**Aim of the task**:
The lines to repeat are those below from the one containing "ショート カラー ブリーチ" down to the one containing "Bridgestone Dueler tire", both included; reproduce them exactly and nothing else.

**Source data**:
----------------
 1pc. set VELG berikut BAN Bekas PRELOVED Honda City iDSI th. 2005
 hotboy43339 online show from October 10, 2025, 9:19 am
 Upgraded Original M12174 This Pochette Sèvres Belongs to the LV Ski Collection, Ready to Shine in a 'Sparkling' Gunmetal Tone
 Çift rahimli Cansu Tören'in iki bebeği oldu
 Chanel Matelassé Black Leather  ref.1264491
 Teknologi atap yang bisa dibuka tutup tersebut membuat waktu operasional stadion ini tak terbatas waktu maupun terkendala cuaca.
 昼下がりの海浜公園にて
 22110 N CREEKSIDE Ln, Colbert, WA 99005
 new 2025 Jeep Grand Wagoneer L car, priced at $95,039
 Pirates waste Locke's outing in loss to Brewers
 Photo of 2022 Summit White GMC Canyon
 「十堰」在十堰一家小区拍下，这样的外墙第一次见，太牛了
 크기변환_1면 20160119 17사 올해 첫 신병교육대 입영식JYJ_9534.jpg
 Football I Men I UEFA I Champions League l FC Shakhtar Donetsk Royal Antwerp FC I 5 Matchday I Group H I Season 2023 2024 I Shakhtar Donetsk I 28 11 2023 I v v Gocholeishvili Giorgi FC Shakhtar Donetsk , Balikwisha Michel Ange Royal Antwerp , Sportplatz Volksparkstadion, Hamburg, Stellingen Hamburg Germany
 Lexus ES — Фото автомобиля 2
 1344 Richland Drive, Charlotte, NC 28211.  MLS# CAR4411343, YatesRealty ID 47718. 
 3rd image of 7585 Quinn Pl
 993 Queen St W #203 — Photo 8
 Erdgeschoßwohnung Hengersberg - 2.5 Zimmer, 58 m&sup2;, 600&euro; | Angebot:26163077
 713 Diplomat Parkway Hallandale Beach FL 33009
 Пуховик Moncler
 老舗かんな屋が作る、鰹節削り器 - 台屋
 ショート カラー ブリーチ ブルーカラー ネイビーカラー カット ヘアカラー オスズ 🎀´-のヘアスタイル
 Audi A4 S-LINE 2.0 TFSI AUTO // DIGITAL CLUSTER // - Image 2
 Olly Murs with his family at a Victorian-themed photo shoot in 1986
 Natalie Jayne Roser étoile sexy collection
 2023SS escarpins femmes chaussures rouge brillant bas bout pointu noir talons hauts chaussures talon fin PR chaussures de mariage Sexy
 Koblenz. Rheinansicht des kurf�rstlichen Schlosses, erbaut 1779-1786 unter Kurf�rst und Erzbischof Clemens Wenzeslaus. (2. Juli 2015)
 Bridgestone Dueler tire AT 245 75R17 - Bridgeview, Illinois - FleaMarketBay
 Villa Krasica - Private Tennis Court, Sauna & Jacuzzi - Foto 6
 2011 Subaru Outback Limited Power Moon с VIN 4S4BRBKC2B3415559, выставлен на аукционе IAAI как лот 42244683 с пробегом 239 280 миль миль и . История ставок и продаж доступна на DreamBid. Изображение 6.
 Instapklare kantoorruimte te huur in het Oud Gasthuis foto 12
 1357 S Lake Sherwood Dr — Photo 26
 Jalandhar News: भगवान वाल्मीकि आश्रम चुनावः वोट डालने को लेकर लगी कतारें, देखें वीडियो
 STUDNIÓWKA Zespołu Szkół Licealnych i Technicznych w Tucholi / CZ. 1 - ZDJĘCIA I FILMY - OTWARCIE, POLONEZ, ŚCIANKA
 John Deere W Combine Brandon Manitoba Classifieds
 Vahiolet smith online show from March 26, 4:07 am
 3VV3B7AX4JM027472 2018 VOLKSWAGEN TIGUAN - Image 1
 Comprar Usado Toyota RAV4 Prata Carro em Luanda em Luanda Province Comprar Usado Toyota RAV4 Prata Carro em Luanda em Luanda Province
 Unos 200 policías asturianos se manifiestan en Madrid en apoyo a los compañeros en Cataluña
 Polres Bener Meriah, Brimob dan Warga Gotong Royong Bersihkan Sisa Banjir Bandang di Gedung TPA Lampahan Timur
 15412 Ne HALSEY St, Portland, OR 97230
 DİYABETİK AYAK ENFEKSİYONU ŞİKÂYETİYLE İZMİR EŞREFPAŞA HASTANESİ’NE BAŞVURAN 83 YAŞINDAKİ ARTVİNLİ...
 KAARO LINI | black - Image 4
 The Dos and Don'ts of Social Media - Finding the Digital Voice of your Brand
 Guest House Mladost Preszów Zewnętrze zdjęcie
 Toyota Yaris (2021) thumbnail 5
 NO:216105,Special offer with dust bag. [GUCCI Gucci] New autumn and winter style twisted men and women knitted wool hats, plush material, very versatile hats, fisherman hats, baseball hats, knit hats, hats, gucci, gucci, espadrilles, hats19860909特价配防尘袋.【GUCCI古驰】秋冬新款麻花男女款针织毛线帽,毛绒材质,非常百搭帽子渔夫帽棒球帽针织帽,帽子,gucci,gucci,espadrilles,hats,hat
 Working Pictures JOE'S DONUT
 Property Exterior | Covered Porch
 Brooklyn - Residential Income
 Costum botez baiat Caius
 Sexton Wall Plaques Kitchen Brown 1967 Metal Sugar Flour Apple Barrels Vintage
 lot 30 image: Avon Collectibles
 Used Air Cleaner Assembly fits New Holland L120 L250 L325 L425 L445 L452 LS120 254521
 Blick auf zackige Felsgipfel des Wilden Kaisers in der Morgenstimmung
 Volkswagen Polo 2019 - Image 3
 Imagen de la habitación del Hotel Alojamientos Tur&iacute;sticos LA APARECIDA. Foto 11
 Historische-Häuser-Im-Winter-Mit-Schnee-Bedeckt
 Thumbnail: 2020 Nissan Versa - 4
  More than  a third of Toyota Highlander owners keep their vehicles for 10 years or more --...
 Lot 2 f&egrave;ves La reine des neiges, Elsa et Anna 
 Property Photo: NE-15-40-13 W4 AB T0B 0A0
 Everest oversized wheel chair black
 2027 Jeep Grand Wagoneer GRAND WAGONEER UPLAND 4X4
----------------
**Result**:
 ショート カラー ブリーチ ブルーカラー ネイビーカラー カット ヘアカラー オスズ 🎀´-のヘアスタイル
 Audi A4 S-LINE 2.0 TFSI AUTO // DIGITAL CLUSTER // - Image 2
 Olly Murs with his family at a Victorian-themed photo shoot in 1986
 Natalie Jayne Roser étoile sexy collection
 2023SS escarpins femmes chaussures rouge brillant bas bout pointu noir talons hauts chaussures talon fin PR chaussures de mariage Sexy
 Koblenz. Rheinansicht des kurf�rstlichen Schlosses, erbaut 1779-1786 unter Kurf�rst und Erzbischof Clemens Wenzeslaus. (2. Juli 2015)
 Bridgestone Dueler tire AT 245 75R17 - Bridgeview, Illinois - FleaMarketBay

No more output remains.